DAVANIN TESPİTİ, DAVA ŞARTINA İLİŞKİN İNCELEME, DEĞERLENDİRİLME, HUKUKİ NEDENLER VE SONUÇ:
Dava, anonim şirket genel kurulunun toplantıya çağrılmasına karar verilmesi istemine ilişkindir.
Davanın dayanağı TTK’nin 412. maddesidir.
Davacı vekili, dava dışı ————– şirket esas sözleşmesinin 9. Maddesinin değiştirilmesinin müzakere edilerek oya sunulması hususunu gündeme dahil etmek suretiyle 2018 yılı olağan genel kurul çağrısı yapmak üzere Şirket’e kayyım atanmasını talep etmektedir.
Davacı vekili, her ne kadar ayrıca Şirket yönetim kurulu tarafından 29/03/2019 tarihinde yapılacak olağan genel kurul çağrısı ile ilgili olarak tedbir konulmasını talep etmiş ise de, kısıtlı davacı vasisine işbu davayı açma izni 22.04.2019 tarihinde verildiğinden, ihtiyati tedbir talebinin konusu kalmamıştır.
Dava, hasımsız açıldığından, uyuşmazlığın,
-Davalının pasif husumet ehliyetinin olup olmadığı,
-Davacının, dava dışı şirketin yönetim kuruluna gündeme madde konulmasına ilişkin müracaatta bulunup bulunmadığı,
-Yönetim kurulunun talebi reddedip reddetmediği,
-Davacı vasisinin talebinin yerinde olup olmadığı,
-Mahkememizce gündeme madde konulmasına karar verilmesi gerekip gerekmediği noktalarında toplandığı tespit olunmuştur.

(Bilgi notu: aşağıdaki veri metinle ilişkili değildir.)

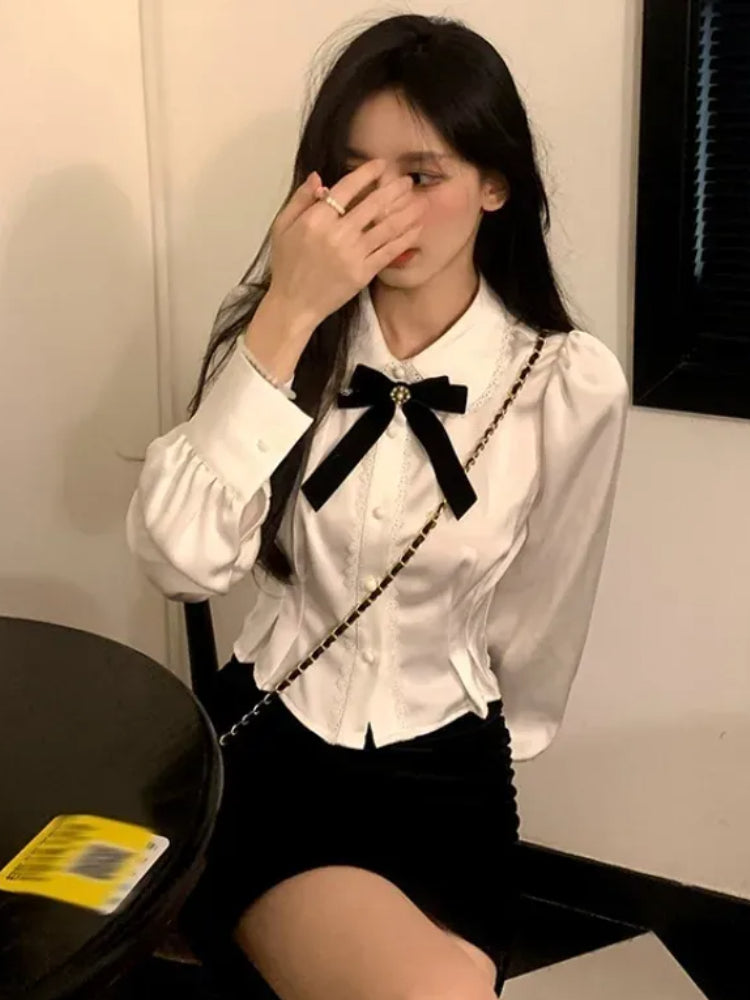 JazzHer Sexy Japan Girl Blouse Office Lady Work Women Button Solid Peter Pan Collar Ribbon Lace Short Crop Top White Shirt Femme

Davalının pasif husumet ehliyeti bulunup bulunmadığına ilişkin uyuşmazlıkla ilgili inceleme ve gerekçe: Eldeki dava, hasımsız olarak açılmıştır.
Davacı, işbu davayı gündemine madde eklenmesini talep ettiği———————yöneltmemiştir.
Taraf sıfatı, dava konusu subjektif hakka ilişkindir. Bir hakkı dava etme yetkisi (dava hakkı) kural olarak o hakkın sahibine aittir. Davayı açabilmek için gerekli sıfat, dava konusu şey üzerinde hak sahibi olan kişiye aittir. Aynı şekilde bir hakkın kendisinden istenebilecek o hakka uymak yükümlülüğü olan kişi olup bu da davalı olma pasif husumet ehliyetidir. Bir kimsenin davacı veya davalı sıfatına sahip olup olmadığı tıpkı hakkın mevcut olup olmadığının tayininde olduğu gibi maddi hukuka göre belirlenir.
Davada taraf ehliyeti, 4721 sayılı Türk Medeni Kanununun 28. maddesi gereğince, sağ doğmak şartıyla ana rahmine düştüğü andan itibaren başlar. Medeni hakları kullanma ehliyetine ( fiil ehliyetine ) sahip gerçek ve tüzel kişiler dava ehliyetine de sahiptirler. Dava ehliyeti bir kişinin kendisi veya yetkili temsilcisi aracılığıyla bir davayı, davacı veya davalı olarak takip etme ve usul işlemleri yapabilme ehliyetidir. Sonuç olarak davacı ve davalı olarak gösterilen kişiler taraf ehliyetine sahip olsalar bile bu kişilerin o davada maddi hakka ilişkin olarak davacı ve davalı olmak sıfatlarının bulunması gerekmektedir.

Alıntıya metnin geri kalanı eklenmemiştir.